Aqui cabe também dizer o quanto das virtudes morais se entrelaçam com as manifestações da pessoa humana. Sendo as virtudes, atributos reguladores das forças que impulsionam a pessoa para o agir correto, uma vez que, sob a égide das virtudes, a pessoa é continuadamente orientada a filtrar sua consciência. E, a rigor, uma consciência limpa sempre prenuncia fazer o bem para o bem de todos. Enquanto que, sem o aporte das virtudes, a pessoa tende a agir sob impulsos imoderados, sem controle de seus apetites, recorrendo ao que tem de mais ultrajante na sociedade.

O distanciamento das virtudes pela sociedade contemporânea talvez seja um dos fatores de maior contribuição para o aumento dos prejuízos humanos. Algo que traz à tona a progressiva ascensãodos valores defendidos por seguidoresda extrema direita em várias partes do mundo, variando de atitudes conforme o contexto histórico e geográfico, tendo como afinidade a ideologia ultraconservadora, onde só o fato de ser conservadora já traz em si uma ideia ultrapassada de um mundo que não condiz com a realidade temporal presente.

Esse movimento retrógrado e violento, remasterizado a partir do fascismo e do nazismo do início do século XX, se nutre de posturas autoritárias e promove uma ordem social hierárquica, na qual prevalece o ufanismo (um nacionalismo exacerbado) e as teorias da conspiração em defesa do protecionismo e de uma hostil visão homogênea da identidade cultural e nacional. E, por questões óbvias, seus adeptos, por estarem aprisionados ao passado, não evoluem como um ser humano e, por conta disso, acabam ruminando infindas contradições e incoerências que resultam em violentas desordens sociais.

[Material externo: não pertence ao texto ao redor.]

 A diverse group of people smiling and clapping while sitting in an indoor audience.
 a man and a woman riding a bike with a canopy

Aqui no Brasil, os defensores da extrema direita, ainda que se dizem patriotas, seguem demonizando o país, atacando a democracia, afrontando as instituições, vandalizando o patrimônio público, desrespeitando a constituição e tramando golpe de estado, inclusive atentando contra a soberania do país. Diante desses insultuosos desejos, esses sicários extremistas se vestem de verde e amarelo, mas beijam a bandeira estrangeira, numa perfeita referência ao “complexo de vira-lata”, como bem disse Nelson Rodrigues, ao se referir aos brasileiros que se curvam aos valores de outros países e desprezam os valores nacionais. E, ainda como perfeitos idiotas, acreditam piamente que Donald Trump (atual presidente estadunidense) irá se fantasiar de super-homem e virá “salvar” o Brasil, não se sabe de que ou de quem. Sabe-se que as disfunções urdidas pela extrema direita são as principais ameaças para o país.

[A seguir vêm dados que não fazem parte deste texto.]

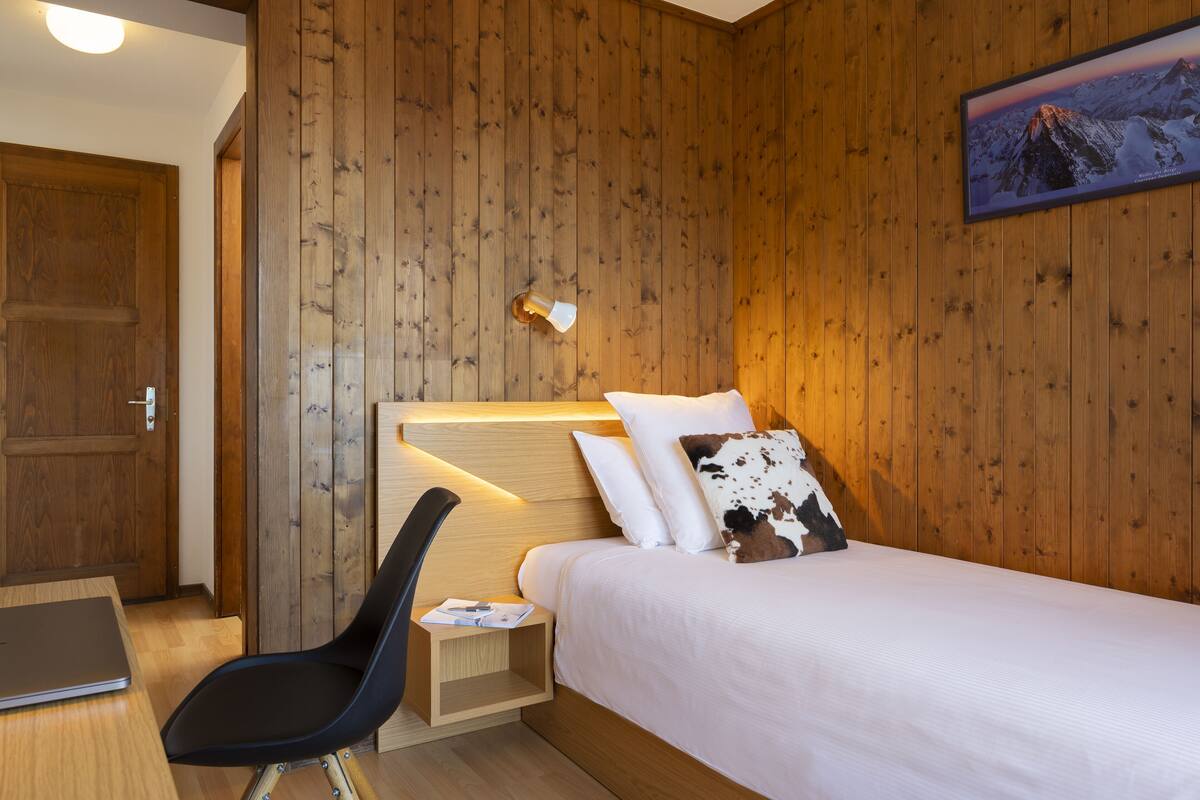 Une pièce aux murs lambrés, contenant un lit, un bureau et une chaise.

Como se estabelece em outras partes do mundo, aqui no Brasil a extrema direita também se projeta como uma sociedade amorfa, constituída de elementos de péssima formação intelectual, cultural e republicana, que sofrem de profunda oligofrenia — déficit de inteligência composto pela tríade: debilidade, imbecilidade e idiotia. Portanto, é uma casta social débil, imbecil e idiota que, como metástase humana, ameaça destruir o país. Fazendo um trocadilho com o que diz a filósofa Marilena Chauí sobre a sociedade brasileira, essa extrema direita é o que tem de maior aberração na atualidade. Ela é uma abominação política, porque ela é fascista, uma abominação ética, porque ela é violenta, uma abominação cognitiva, porque ela é ignorante. Logo, pessoas assim não aceitam viver num mundo harmônico, não aceitam viver entre diferentes grupos sociais, não se alimentam de educação e de cultura e, sobretudo, não consentem voltar à civilização.

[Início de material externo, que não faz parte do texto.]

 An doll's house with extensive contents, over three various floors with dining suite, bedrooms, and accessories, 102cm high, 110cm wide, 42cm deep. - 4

Na esteira da ignorância, os adeptos da extrema direita acabam por aplaudir as mazelas brasileiras, já que são cínicos, insolentes e detratores da pátria, inclusive lacaios ferrenhos de líderes mundiais autoritários que tentam ditar uma nova ordem global, a qual coloca em risco a ordem constitucional e a própria autodeterminação dos povos.

Não o bastante, quando as diferentes categorias ultraconservadoras se unem em prol dos interesses mais ultrajantes, se convertem numa massa humana destrutiva e passam a pensar e agir contra os próprios interesses essenciais, perdendo todo o poder de sentimento humano. É quando repetidas vezes disseminam seus piores instintos e suas incoerências na direção de persuadir as mentes mais doentias — que seriam as pessoas mais passíveis de doutrinação —, e como categorias que vivem em constantes conflitos, são sujeitas a esterilidade mental, sendo incapazes de corresponder aos valores mais relevantes da pessoa humana — é como se fosse uma autofagia, a sociedade sendo carcomida por sua própria criatura: a extrema direita.

Assim, são os aderentes da extrema direita, uma corja de sujeitos acéfalos, em franca expansão, que navegam pelos mares da estupidez se opondo contra as instituições democráticas, os direitos humanos, o meio ambiente, as questões de gênero, os imigrantes e as minorias sociais, etc. Também passam a defender de maneira vil a pureza racial e cultural, bem como uma economia controlada pelo Estado e as práticas contraproducentes aos interesses do país. Através de diferentes condutas, quando não enaltecem, minimizam os hediondos efeitos da escravidão e da ditadura no Brasil e do holocausto provocado pelo nazismo. A partir dessa perspectiva extremista, alimentam a polarização social e se colocam como inimigos da ciência, do conhecimento, do intelecto e de todas as expressões culturais. Sob um falso argumento, distorcem a verdade sobre os adversários e partidos políticos e maldizem o sistema de eleições democráticas. E, sem o mínimo conhecimento científico, se posicionam contra o uso de vacinas, inclusive da Covid-19, que, segundo o Ministério da Saúde, matou mais de 715 mil pessoas no Brasil e mais de 15 milhões em todo o mundo (dados da Organização Mundial de Saúde).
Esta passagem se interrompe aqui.